Plaintiff alleges that she was injured on appellant’s premises when she ran into a telephone enclosure in a darkened hallway while chasing a young child left in her care. We previously held that the evidence showed that defendant Verizon New York, Inc. was entitled to summary judgment because it neither installed the telephone enclosure that extended from the wall nor maintained the premises and its lighting, and thus, “there [was] no causal connection between plaintiffs injury and Verizon’s conduct” (see 71 AD3d 422, 423 [2010]).

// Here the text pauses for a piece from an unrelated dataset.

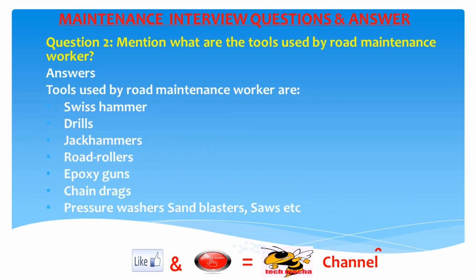Question 2: What are the tools used by a road maintenance worker? Answer: Tools used by road maintenance workers are Swiss hammer drills, jackhammers, road rollers, epoxy guns, chain drags, pressure washers, sand blasters, saws, etc.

*541The photographs presented in support of appellant’s motion depict an open and obvious condition, and while such a condition may negate the landowner’s duty to warn, it does not obviate the owner’s duty to ensure that its premises are maintained in a reasonably safe condition (see Westbrook v WR Activities-Cabrera Mkts., 5 AD3d 69, 73 [2004]). Here, appellant failed to establish that the condition was not inherently dangerous as a matter of law inasmuch as a jury may reasonably find that the placement of the telephone enclosure protruding over the handrail on a ramp that inclined downward into a darkened hallway created an unsafe condition which appellant had a duty to remedy (see Garcia v Best Value Discount Corp., 67 AD3d 480 [2009]). The record is inconclusive on the installation of the phone enclosure. If appellant caused or created the condition by selecting and installing the telephone enclosure, a showing of notice was not required. Nor did appellant establish, as a matter of law, that plaintiffs injuries resulted solely from her own culpable conduct (see Sweeney v Bruckner Plaza Assoc., 57 AD3d 347 [2008]). Concur—Tom, J.P., Andrias, Catterson, Moskowitz and Acosta, JJ.